# What you need to do
Write out, exactly and only, the lines that run from the top of the records to the line with "The graphical development". Include both ends; exclude pictures.

Pictures with short captions:
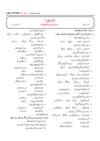 UP Board Pariksha 2027 Avtar Chapterwise Question Bank – Urdu , Kaksha 10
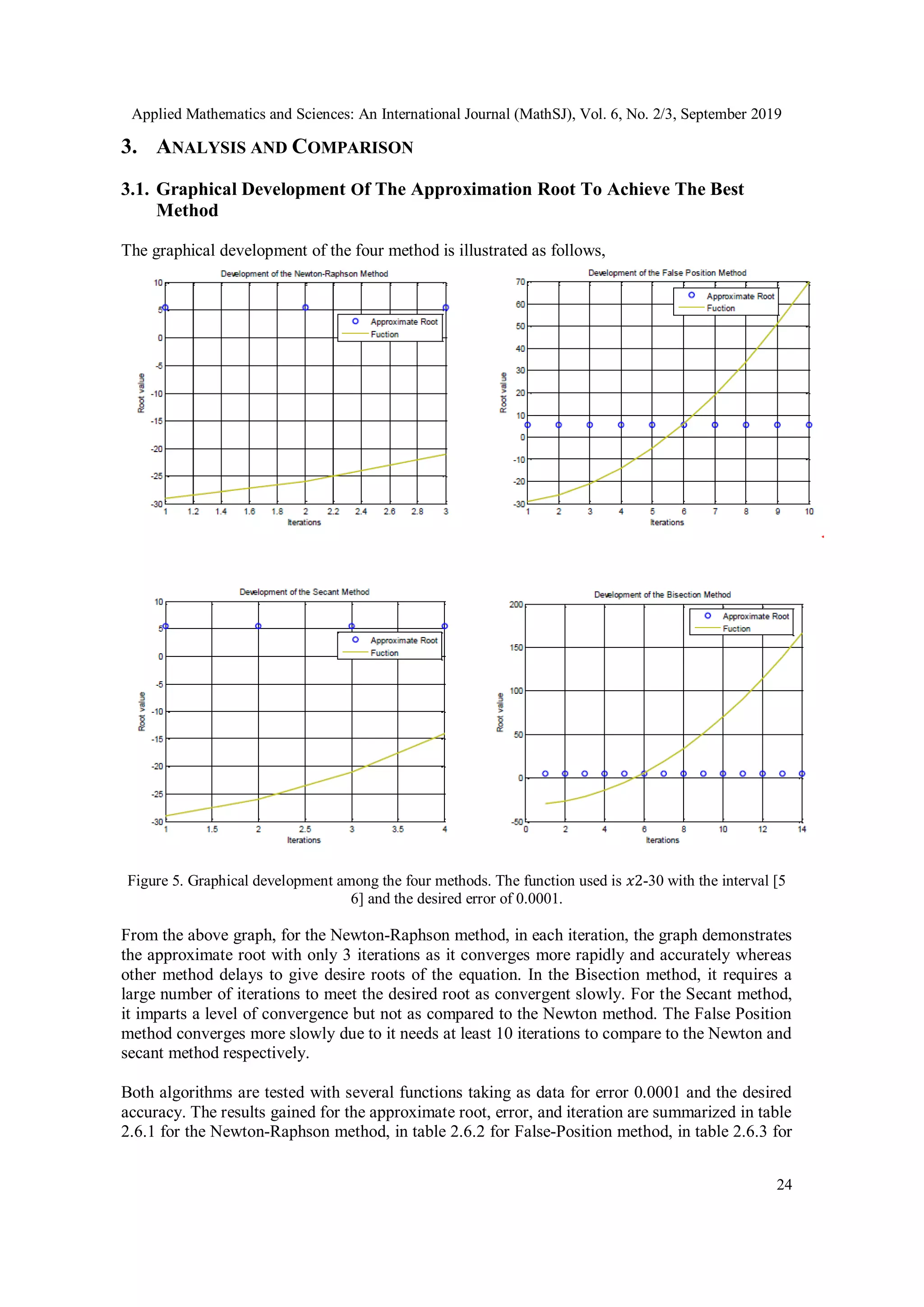 Applied Mathematics and Sciences: An International Journal (MathSJ), Vol. 6, No. 2/3, September 2019
24
3. ANALYSIS AND COMPARISON
3.1. Graphical Development Of The Approximation Root To Achieve The Best
Method
The graphical development of the four method is illustrated as follows,
Figure 5. Graphical development among the four methods. The function used is 𝑥2-30 with the interval [5
6] and the desired error of 0.0001.
From the above graph, for the Newton-Raphson method, in each iteration, the graph demonstrates
the approximate root with only 3 iterations as it converges more rapidly and accurately whereas
other method delays to give desire roots of the equation. In the Bisection method, it requires a
large number of iterations to meet the desired root as convergent slowly. For the Secant method,
it imparts a level of convergence but not as compared to the Newton method. The False Position
method converges more slowly due to it needs at least 10 iterations to compare to the Newton and
secant method respectively.
Both algorithms are tested with several functions taking as data for error 0.0001 and the desired
accuracy. The results gained for the approximate root, error, and iteration are summarized in table
2.6.1 for the Newton-Raphson method, in table 2.6.2 for False-Position method, in table 2.6.3 for
 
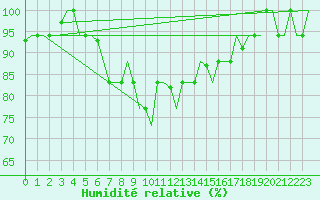 Courbe de l'humidit relative pour Venezia / Tessera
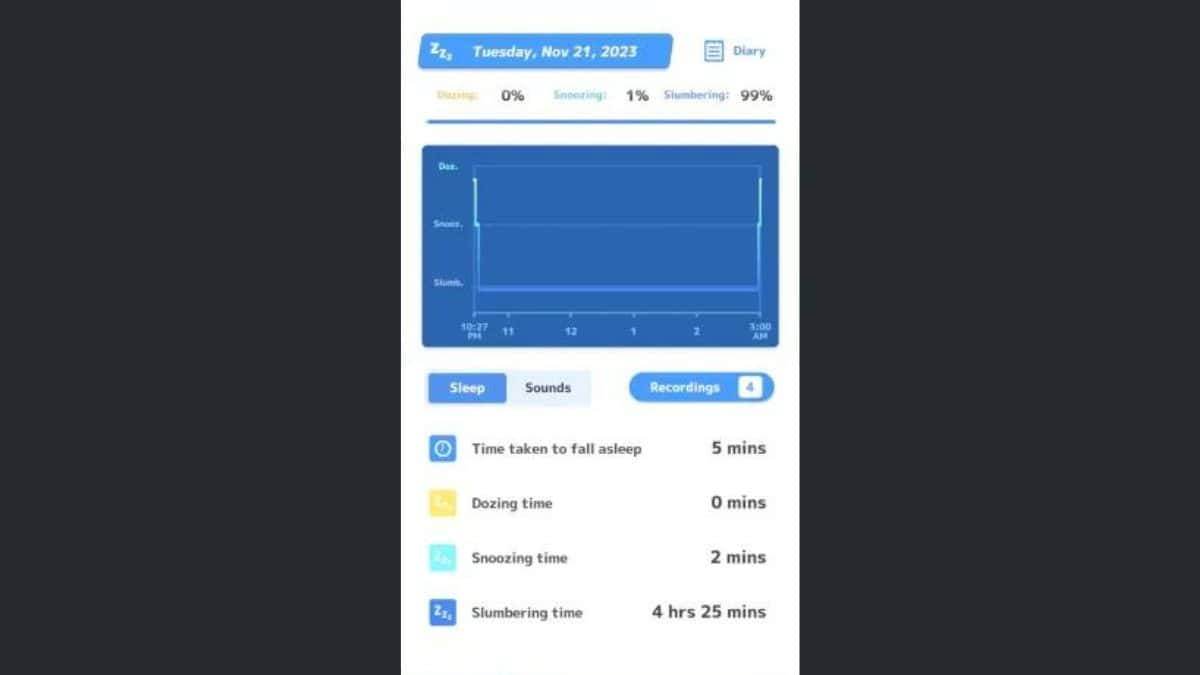 A screenshot of a phone screen displaying a time tracker that allows users to track their sleep patterns.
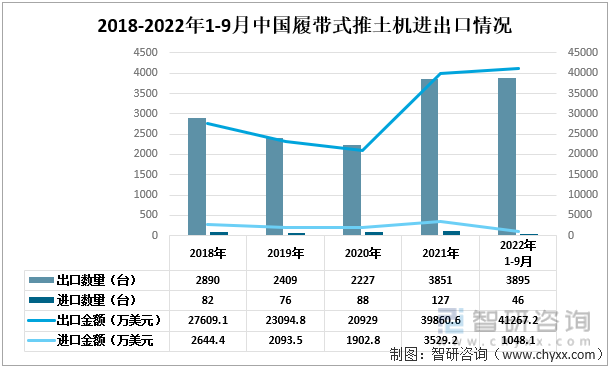 2018-2022年1-9月中国履带式推土机进出口情况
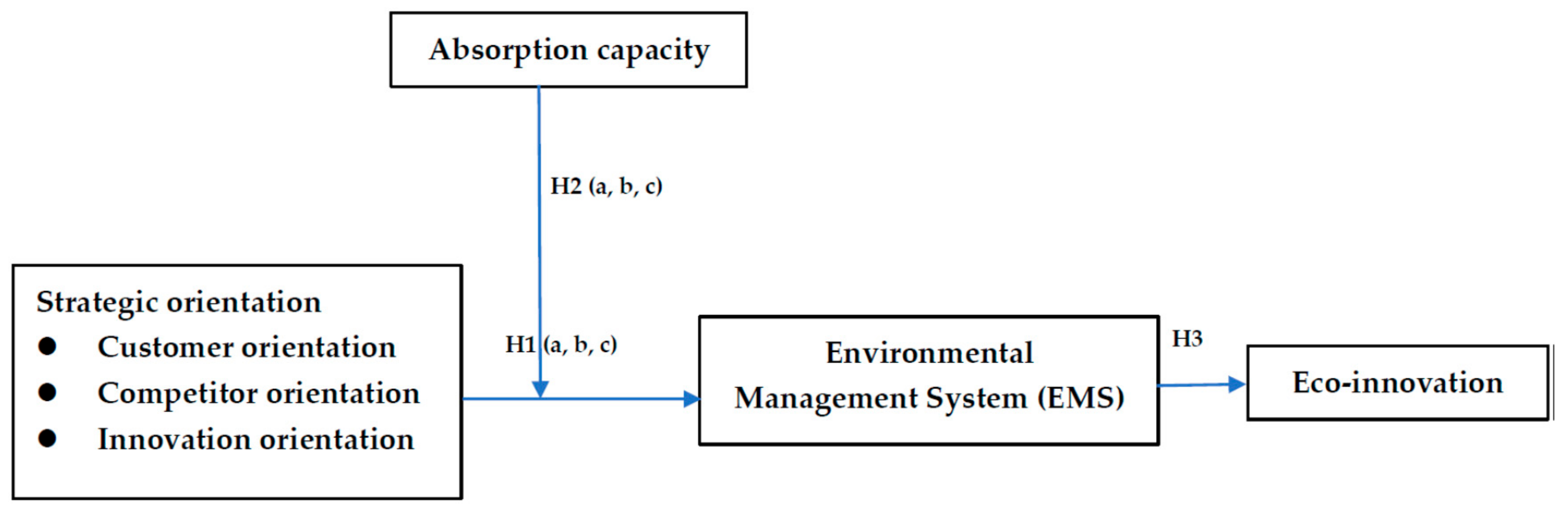 Sustainability 13 12147 g001 550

# Answer area
 UP Board Pariksha 2027 Avtar Chapterwise Question Bank – Urdu , Kaksha 10
 Applied Mathematics and Sciences: An International Journal (MathSJ), Vol. 6, No. 2/3, September 2019
24
3. ANALYSIS AND COMPARISON
3.1. Graphical Development Of The Approximation Root To Achieve The Best
Method
The graphical development of the four method is illustrated as follows,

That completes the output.